• Your objective
Verbatim reproduction of the entries is required; images must be omitted.

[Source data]
►

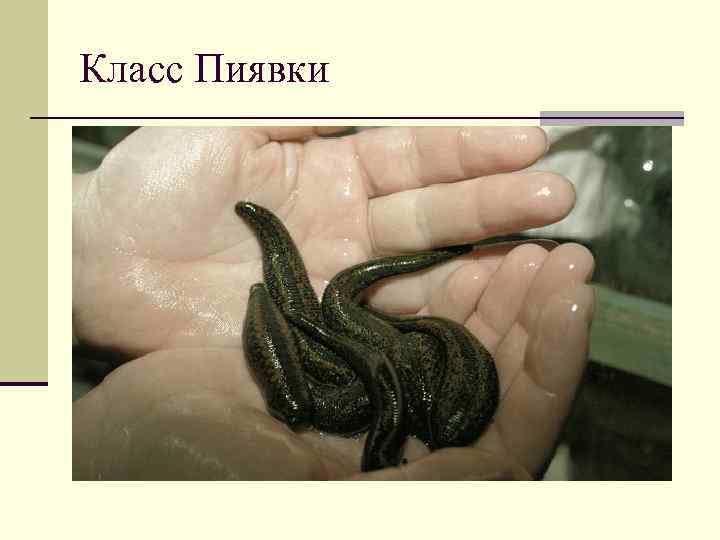 Класс Пиявки 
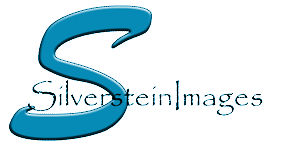 Silverstein Images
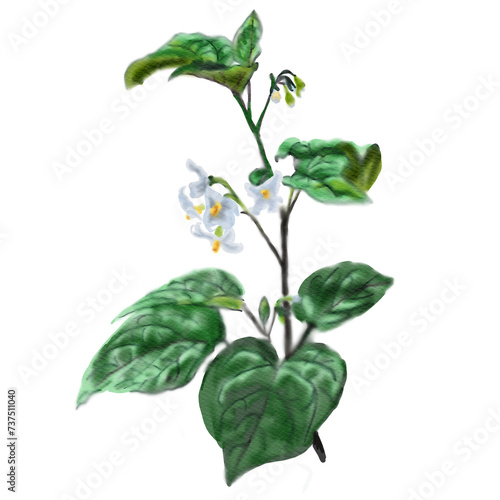 Botanical watercolor illustration of Solanum nigrum, hand drawn of European black nightshade on a white background, a medicinal plant used in folk medicine and homeopathy.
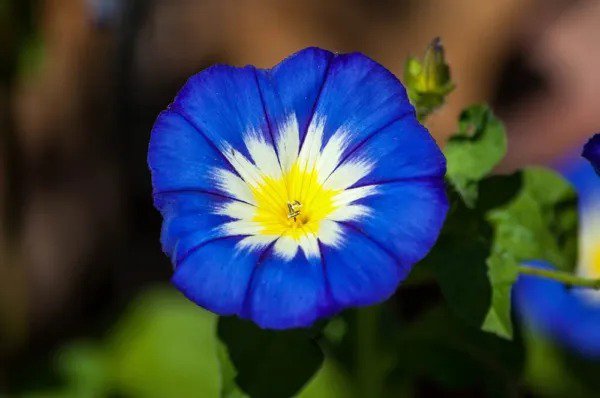 Fresh Morning Glory Ensign Roya Blue Seeds 100 Seeds To Plant Beautiful Flowering Garden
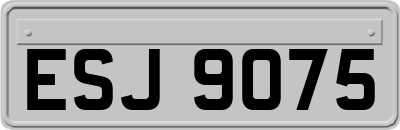 ESJ9075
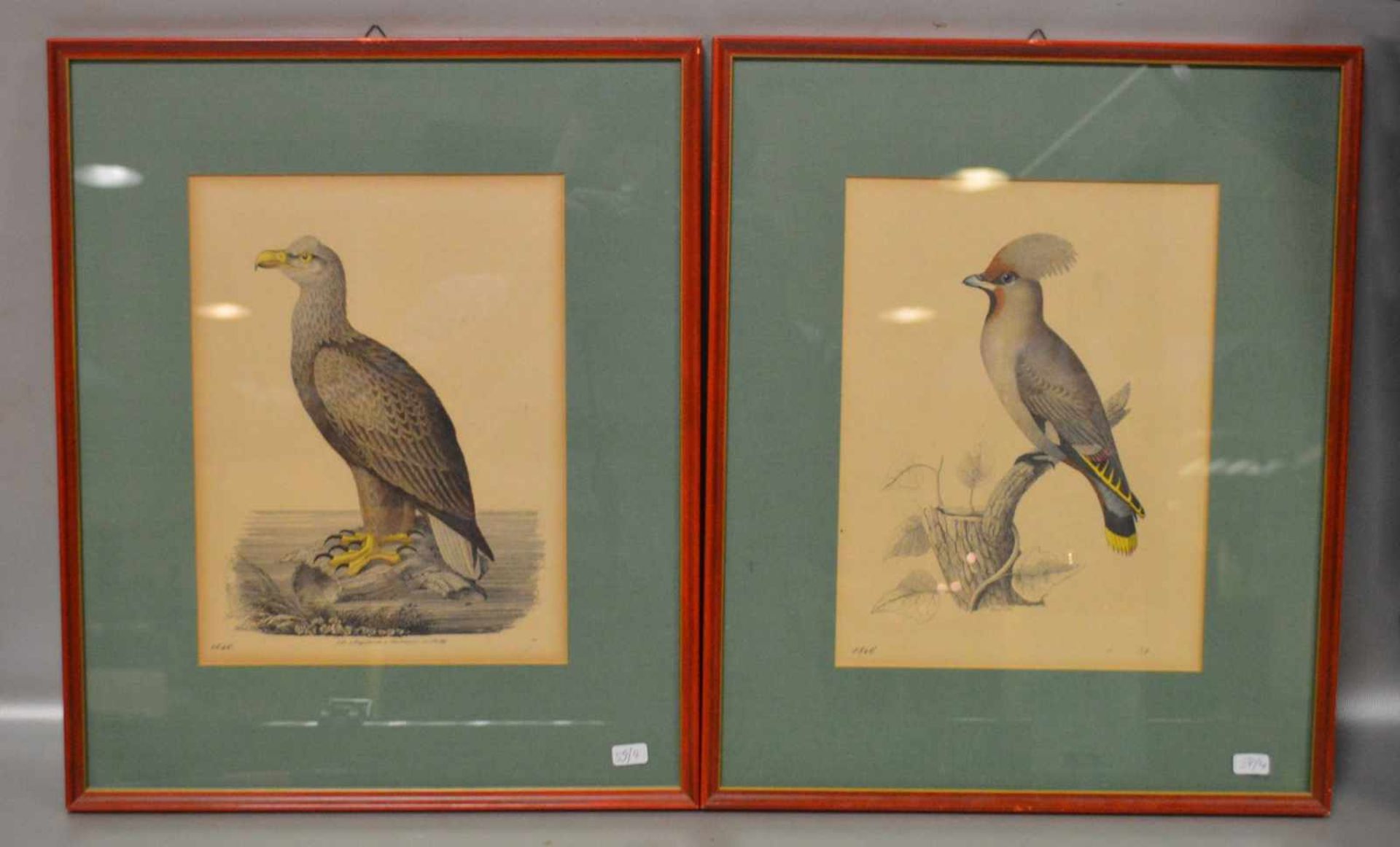 Zwei Lithographien Vögel, coloriert, im Passepartout, im roten Rahmen, 32 X 39 cm, 19. Jh.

◄

• Reply
 Класс Пиявки 
 Silverstein Images
 Botanical watercolor illustration of Solanum nigrum, hand drawn of European black nightshade on a white background, a medicinal plant used in folk medicine and homeopathy.
 Fresh Morning Glory Ensign Roya Blue Seeds 100 Seeds To Plant Beautiful Flowering Garden
 ESJ9075
 Zwei Lithographien Vögel, coloriert, im Passepartout, im roten Rahmen, 32 X 39 cm, 19. Jh.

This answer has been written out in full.